Pós-graduação na Faculdade de Medicina da Universidade de São Paulo: Quo vadis?

Riad N. YounesI, II; Daniel DeheinzelinII; Dario BiroliniI

IHospital das Clínicas, Faculty of Medicine, University of São Paulo

IIHospital do Câncer AC Camargo - São Paulo/SP, Brazil. E-mail: rnyounes@yahoo.com

As metas da pós-graduação sensu strictu, de acordo com os prospectos da Faculdade de Medicina da Universidade de São Paulo (FMUSP), são de formar pesquisadores com ampla visão de suas áreas de conhecimento, e, ao mesmo tempo, de servir como um sistema que gere conhecimento nestas áreas. Nobres objetivos, sem dúvida, e também coerentes com os alicerces das universidades em geral, e da Universidade de São Paulo em particular, universidades fundamentadas na procura contínua pelo conhecimento científico, e na tarefa de disseminar os resultados da pesquisa para o público em geral. A comunicação do conhecimento e da ciência é parte essencial deste processo. A boa notícia é que, como um todo, o número de autores e publicações brasileiros na literatura científica internacional tem aumentado substancialmente1. O Brasil se encontra atualmente na 25ª colocação entre os maiores produtores científicos no mundo (ISI Web of Science).
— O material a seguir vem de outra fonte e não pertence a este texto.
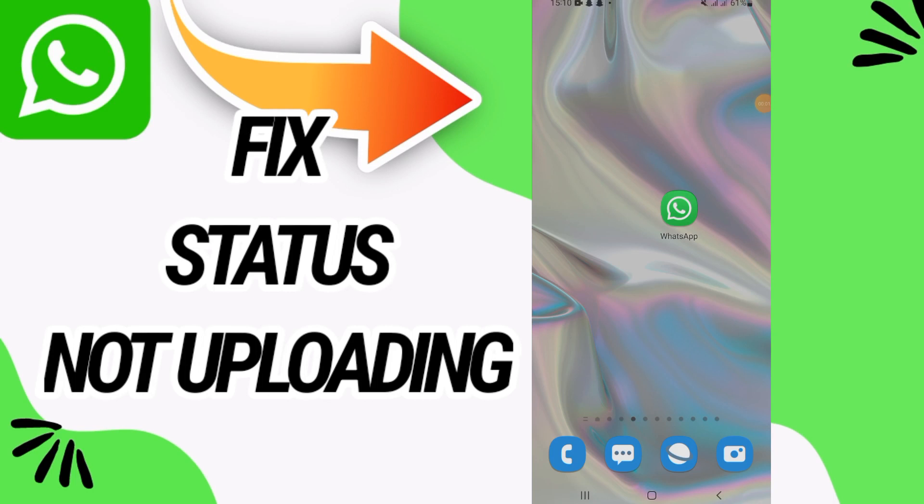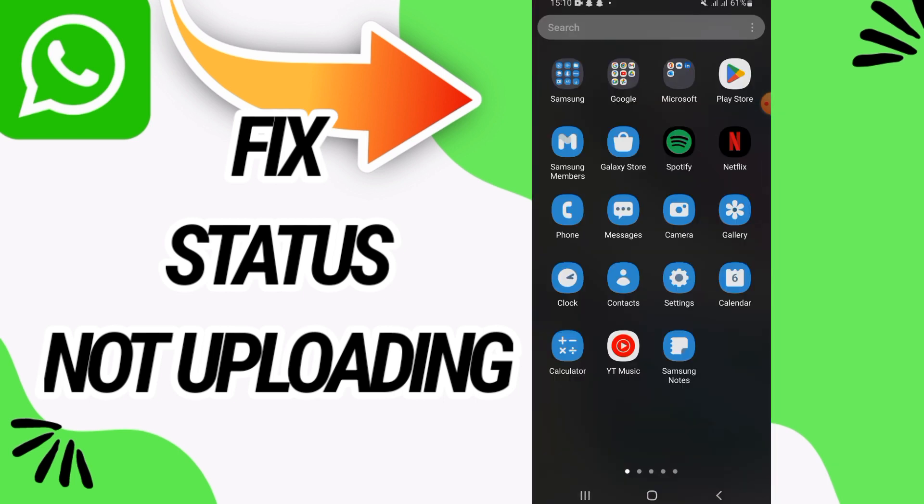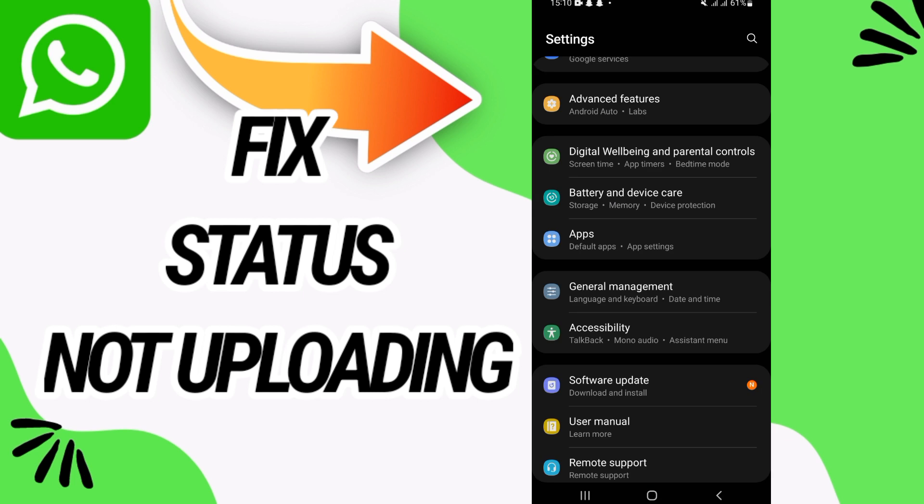To fix WhatsApp status not uploading, in this video we'll talk about how to fix this problem on your WhatsApp. Just watch this video till the end. First, you need to go and open settings of your phone.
Nesse cenário, torna-se claro que o processo de pós-graduação não pode terminar na apresentação da respectiva tese. Esta deve ser seguida pela publicação dos resultados alcançados no estudo objeto da tese. Além do mais, se de fato os objetivos forem alcançados, um quantum de conhecimento foi gerado e, conseqüentemente, um sistema foi estabelecido naquela área. Uma série de trabalhos deste mesmo autor deveria publicada.

Seria este o caso na FMUSP? Avaliamos o destino de 1181 teses de doutorado, defendidas nesta instituição entre 1990 e 2000. Com o intuito de determinar se houve publicações derivadas dos autores das teses nos anos que seguiram ao da defesa da tese, bancos de dados de publicações nacionais e internacionais (Medline, LILACS) foram pesquisados utilizando o campo de autores para cada banco de dados pesquisado.

O número total de teses saltou de 61 em 1990, para 158 em 2000, com um pico de 198 em 1999. A figura 1 mostra o número de doutores que continuavam sem nenhuma publicação, tanto nacional quanto internacional, anos após a defesa. Podemos observar, claramente que, na melhor hipótese, as publicações começam dois anos após a defesa da tese. Um estudo semelhante foi conduzido recentemente na França, levando em consideração as teses apresentadas ao término do internato, que equivalem às teses necessárias para a obtenção de título de doutor. Os dados revelam situação muito diferente. Vinte e sete por cento das teses foram publicadas no primeiro ano, e aproximadamente 50% em dois anos2. Estes resultados mostram uma gravíssima deficiência de nosso sistema ou, no mínimo, a perda de uma janela de oportunidade. Nosso estudo mostrou que, em cinco anos, mais de 50% dos pós-graduados não tinham publicado nenhum trabalho, nem sequer um artigo de revisão.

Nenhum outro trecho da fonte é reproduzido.